Answer to Question #103908 in Trigonometry for Martin

Given

V = 8 volts ( constant )

Resistance is increasing at the rate of 0.3 ohms per second

i.e. "\\frac{dR}{dt}=0.3\\:" ohms/sec

We need to find rate of change of current when resistance is 3 ohms

"\\frac{dI}{dt}=?" when R= 3 ohms

We know the relation

"I=\\frac{V}{R}"

Differentiating with respect to time

"\\frac{d}{dt}\\left(I\\right)=\\frac{d}{dt}\\left(\\frac{V}{R}\\right)"

since voltage is constant, it can be taken out.

"\\frac{dI}{dt}=V\\cdot \\frac{d}{dt}\\left(\\frac{1}{R}\\right)"

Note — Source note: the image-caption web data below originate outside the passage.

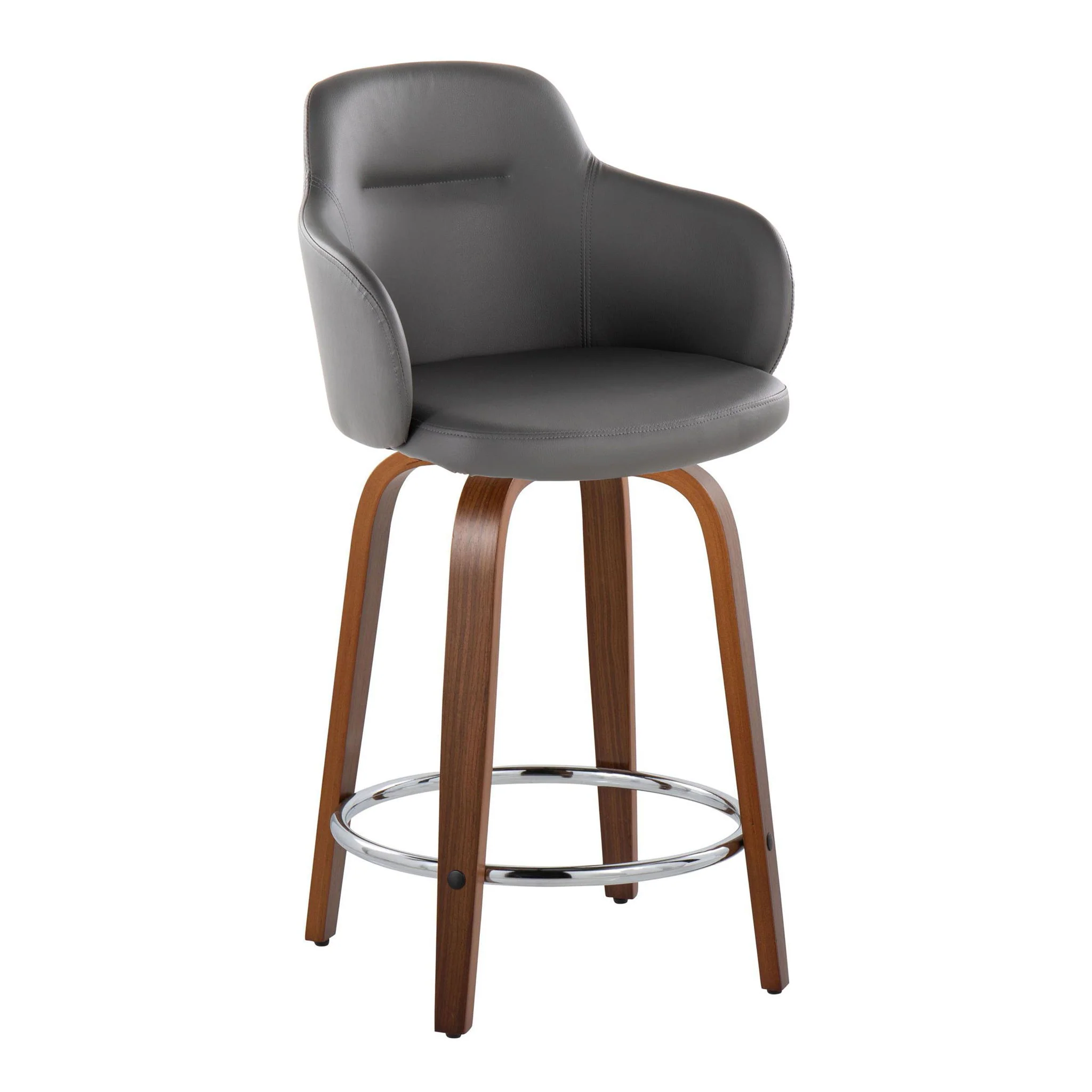 Boyne - Contemporary Fixed Height Counter Stool With Swivel With Round Footrest (Set of 2) - Image 7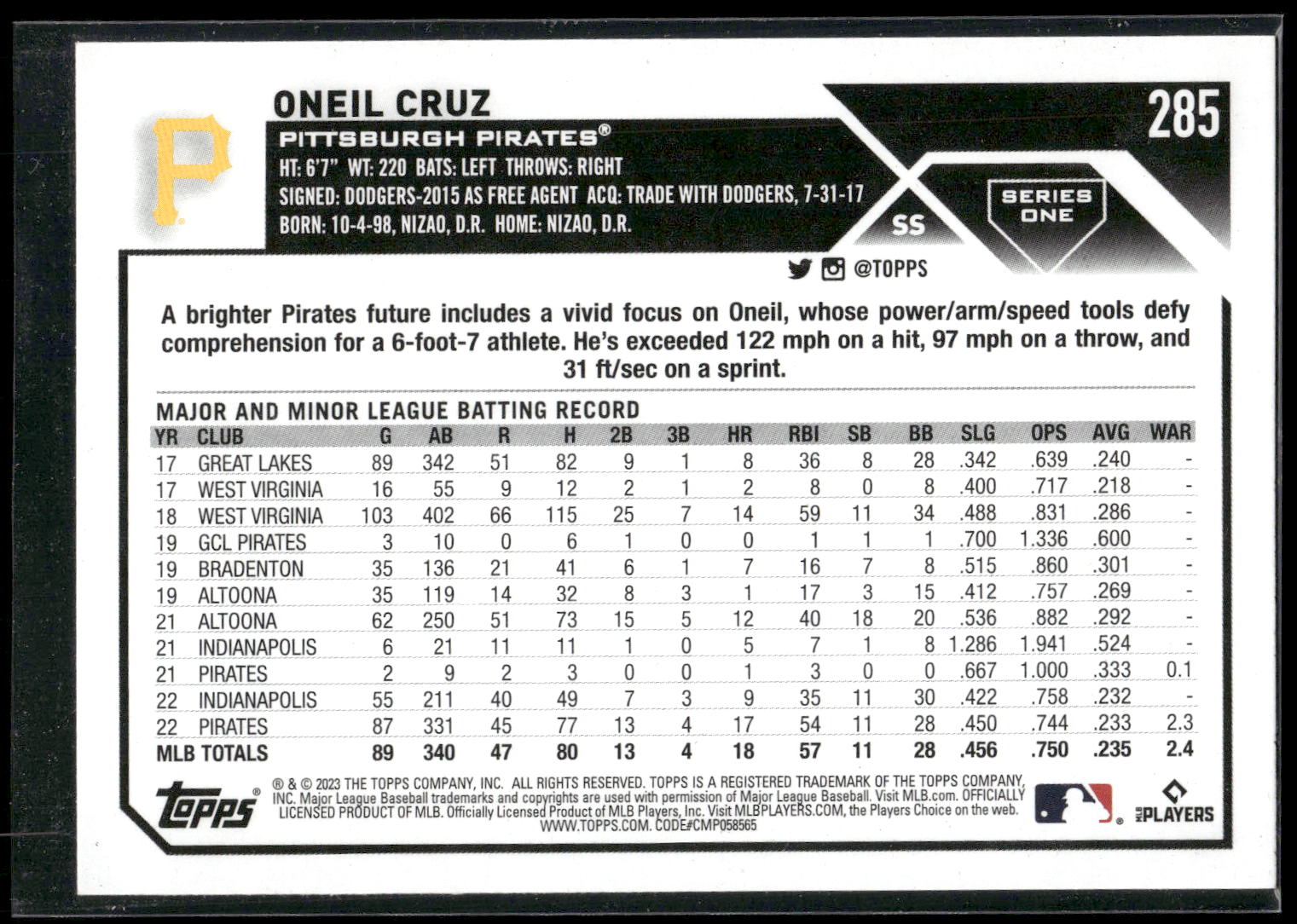 2023 Topps #285 Oneil Cruz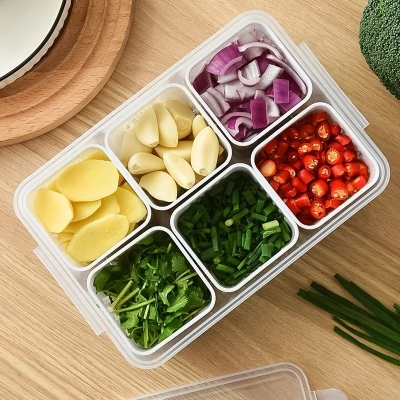 Picture of 6-Grid Kitchen Vegetable Storage Box | Chopping Prep Organizer Container | Airtight Food Keeper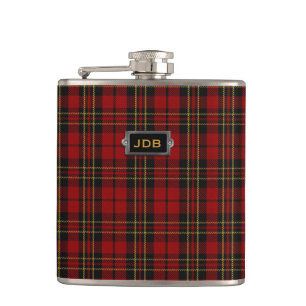 Monogramed Clan Brodie Tartan Plaid Flask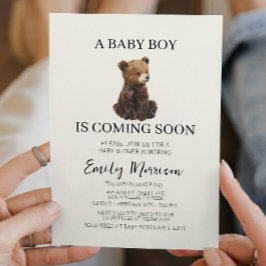 Nalle och Pojke kommer med babyskor Inbjudningar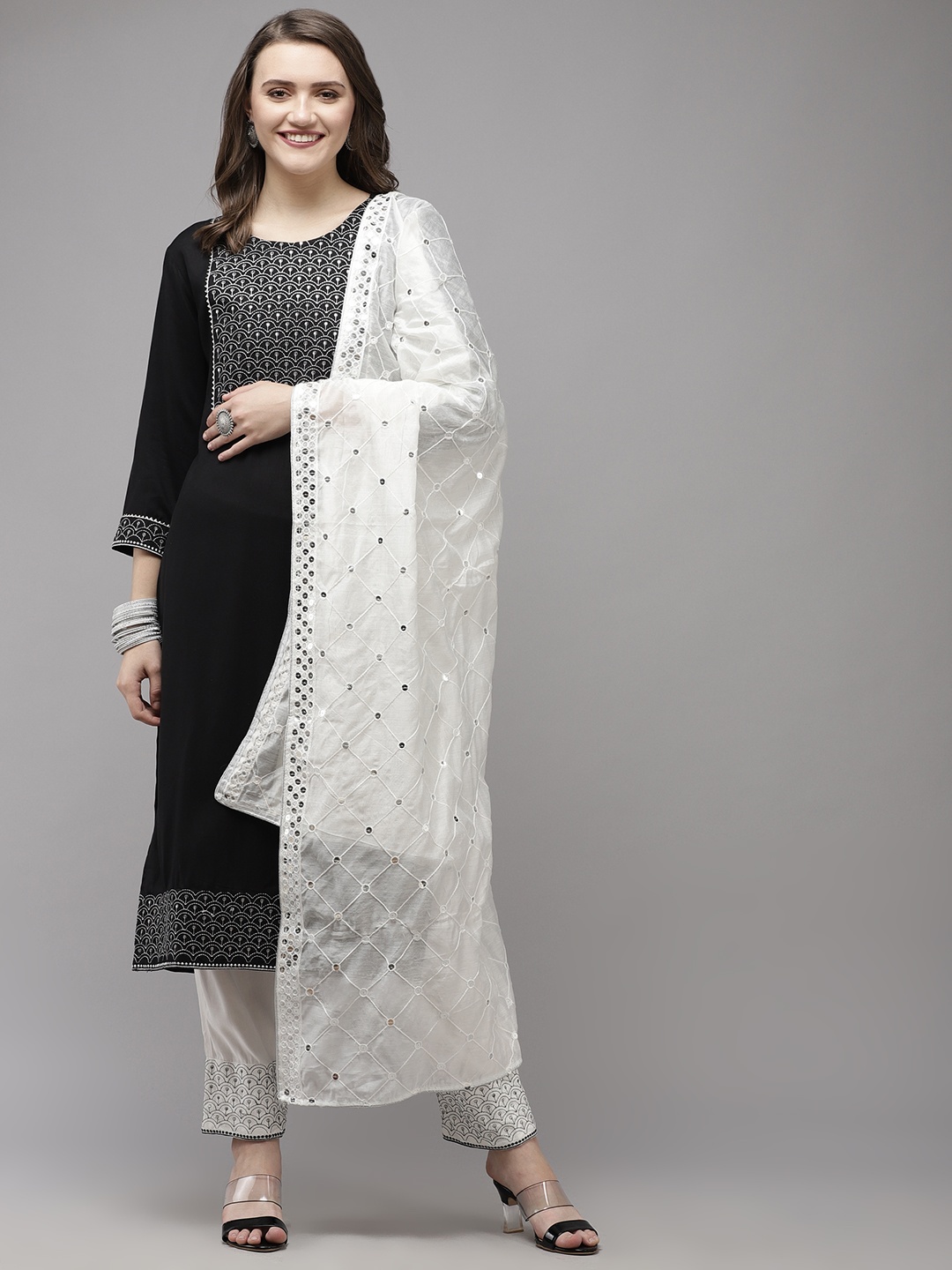 

Yufta Women Black Yoke Design Regular Sequinned Kurta with Palazzos & With Dupatta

"\\frac{dI}{dt}=V\\cdot \\:\\left(-\\frac{1}{R^2}\\cdot \\frac{dR}{dt}\\right)"

substituting values

"\\frac{dI}{dt}=8\\cdot \\:\\left(-\\frac{1}{3^2}\\cdot 0.3\\right)=-\\frac{4}{15}" amperes per second

Negative sign indicates current is decreasing with respect to time.

So current is decreasing at the rate of 4/15 amperes per second when R is 3 ohms.